Put the onion and carrots in a 2 quart soup pot. Add the broth and bring to a boil. Cover the pot and lower the heat to simmer. Cook just until the carrots are tender. Turn off the heat and add the spinach. Cover and let the spinach wilt down just from the heat of the pot. Add the chicken, salt and pepper to taste and cooked pasta. Stir well. Cover and set aside.

In a saucepan melt the butter over medium heat. Whisk in the flour and make a smooth paste or roux. Slowly add the evaporated milk, continuing to whisk until it thickens to the consistency of heavy cream. Add salt to taste and a grinding of nutmeg.
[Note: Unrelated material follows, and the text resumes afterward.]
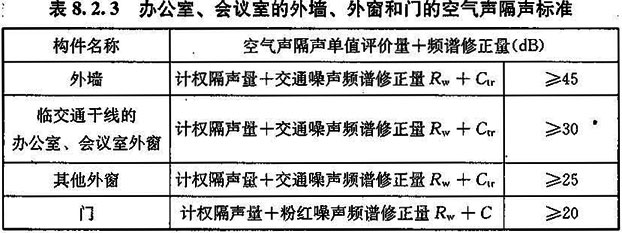 8.2.1 -8.2.4，插图 3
Pour the sauce over the pasta mixture, combining the ingredients well. Reheat slowly and serve directly from the pot!

Source: CioaItalia.com


POTATO SALAD

~Shared by Jean, Syracuse, NY
Please visit my web site: Cookin' With JP

INGREDIENTS LIST:

Potatoes Enough to make about 5 to 6 cups of potato salad
Eggs 7 (less if you desire)
Onion 2 slices 1/8 inch thick, diced

Mayonnaise Approximately 1 1/4 to 1 1/2 cup
French's Yellow Mustard 1 tsp (the kind used on hot dogs)
Sugar About 3/4 Tbs
Salt 1 tsp (be careful)
Black Pepper Approximately 1/4 tsp
Water (Cream optional) About 1/4 cup to thin dressing

Paprika to sprinkle on top

MIXING BOWL: You need room to mix so use a large mixing bowl or pan to do the initial mixing, something about 4 quarts should do it.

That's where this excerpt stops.